MD

Sports

Saturday, April 19, 2014

Advertise with us »

Icers keep rolling, sweep away Nanooks

BY JAKE ROSENWASSER
Daily Sports Writer
Published January 18, 2005

With four minutes remaining in the third period on Saturday and Michigan leading 5-0, the Michigan Pep Band Director, Damon Talley — as is his tendency — started to dance to the delight of the fans. But this time he added a prop to his customary Michigan victory dance — a broom. Four minutes and two meaningless Alaska-Fairbanks goals later, Michigan had itself another CCHA victory, 5-2, at Yost Ice Arena. The win completed Michigan’s sweep, as the Wolverines beat the Nanooks (5-10-1 CCHA, 6-11-1 overall) by the same score on Friday night.

At the outset of Saturday’s game, Michigan goalie Al Montoya and Alaska-Fairbanks goalie Wylie Rogers kept both offenses at bay. Montoya stopped Alaska-Fairbanks forward Aaron Lee on a breakaway, and Rogers withstood numerous Michigan scoring chances in front of the net.

No. 3 Michigan (15-1-0, 18-5-1) finally broke through after 14 minutes of scoreless hockey. Junior Jeff Tambellini skated into the Alaska-Fairbanks zone on a 3-on-2 break with senior Eric Nystrom and freshman Chad Kolarik. Tambellini passed to Kolarik in the center and continued down the left side of the ice. Kolarik took the pass and waited a second before he fed the puck back to Tambellini. The junior skated in on Rogers and backhanded the puck into the net to put the Wolverines on the board.

In the second period, Michigan poured it on with a balanced attack. Senior Milan Gajic took a pass from senior David Moss with 4:22 remaining in the period and scored on a shot that hit the top of the net. Later in the period, T.J. Hensick’s shot hit Jason Ryznar who fed it to sophomore David Rohlfs to push Michigan’s lead to 3-0. Hensick and Nystrom added goals at the end of the second period to push Michigan’s lead to 5-0.

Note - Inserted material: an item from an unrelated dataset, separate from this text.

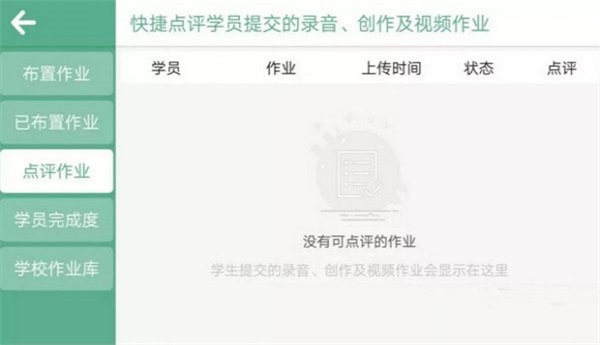 朗文教育免费版app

“We just fed off of each shift,” Hensick said. “Each shift increased (its) intensity out there. Each line played well, and we got some goals. The bounces went our way, (and) it was a good second period for us.”

After Michigan’s four second-period goals, the Nanooks probably wished that they had never made the trip to Yost — the arena where Michigan has won 22 straight CCHA regular-season games. But even late in the third period, when some of the Yost crowd started to mockingly chant “warm up your sled,” Alaska-Fairbanks never let up.

“(After the second period) we just talked about not quitting — no matter what,” Alaska-Fairbanks coach Tavis MacMillan said. “We didn’t care who we were playing. We didn’t care what time of the season it was. The biggest thing was just not to quit.”

MacMillan’s plea must have struck a chord with his team because Michigan’s momentum did not carry over into the third period. Alaska-Fairbanks outplayed Michigan in the final 20 minutes, outscoring the Wolverines 2-0. The Wolverines and their coach, Red Berenson, were happy with the weekend’s results, but a bit upset about their lackluster third period on Saturday.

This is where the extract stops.